As we mentioned last year, credit card issuers are beginning to institute annual fees they are willing to refund if you make enough purchases in a year. The first issuer to start doing this was Citibank, which recently sent notices to cardholders about a $60 fee starting April 1. If cardholders spend $2,400 in a 12-month period, the fee will be waived. The Consumerist had the full text of the letter cardholders received.
I received an e-mail from a reader asking if I knew what she could do:
I am not sure if you have covered this topic but I got a letter in the mail from Citi cards that they are going to now charge a $60 annual fee and that fee is apparently going to be waived at the end of the year if I make at least $2,400 in a year in purchases. I have had this card for a couple years and used it once to do a balance transfer for 0%. I have a limit of $17,300 on this card. I am at a loss on what to do because I may not be able to make the $2,400 in purchases because I use my ... debit card for most of my purchases. My question is: If I were to close this account, how is that going to affect my credit? Will it? What are the factors I should consider before I close the account?

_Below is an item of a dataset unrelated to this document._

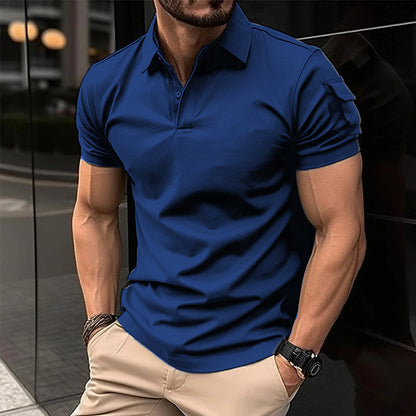 Polo shirt with collar buttons arm pockets sports polo shirt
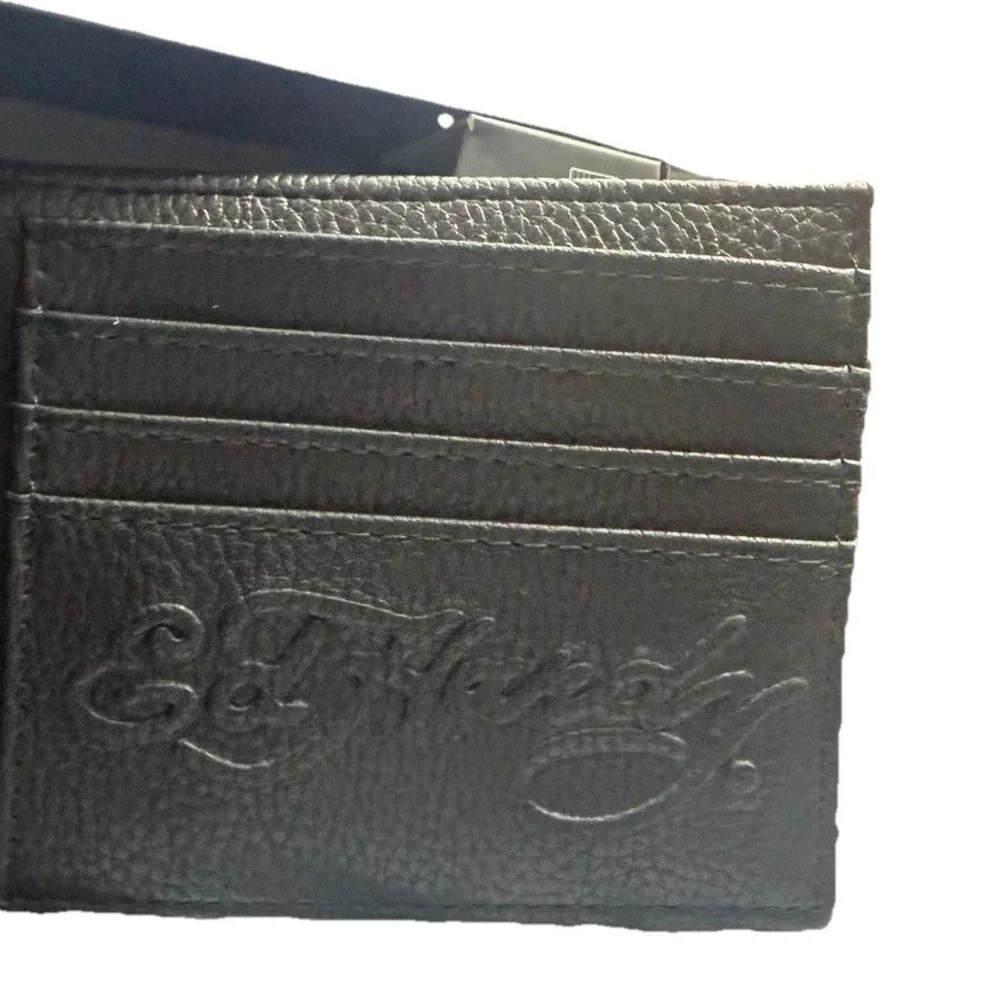 Ed Hardy Men's Black Wallet Bi-fold With Valet Tray PU Leather Tiger Tattoo New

If you think Citibank is alone in this, think again. Issuers are seeing many of their former revenue streams trimmed by the Credit CARD Act and they’re trying to find alternatives. I personally prefer something straightforward like this from the card companies than something a little harder to understand. Plus it doesn’t appear everyone is receiving a similar notice; perhaps it’s just the low-activity cards.
I do have a short-term solution if you decide to keep the card but find yourself falling short of the minimum-purchase requirement: Use it to buy coins from the U.S. Mint. The U.S. Mint has a $1 Coin Direct Ship Program where you can buy up to two boxes ($500 total) of each presidential coin issue (there's no limit on the Native American designs). Shipping is free. (When you add them to your cart, it will show $4.95 for shipping but that will drop to $0 at checkout.)
You can use the coins for regular cash purchases or deposit them at your bank.
Personally, I’m all for more $1 coins entering circulation. A coin can survive 25 years, according to the U.S. Mint, and a paper bill survives less than two years. The more coins we have, the cheaper our currency will be and we all win.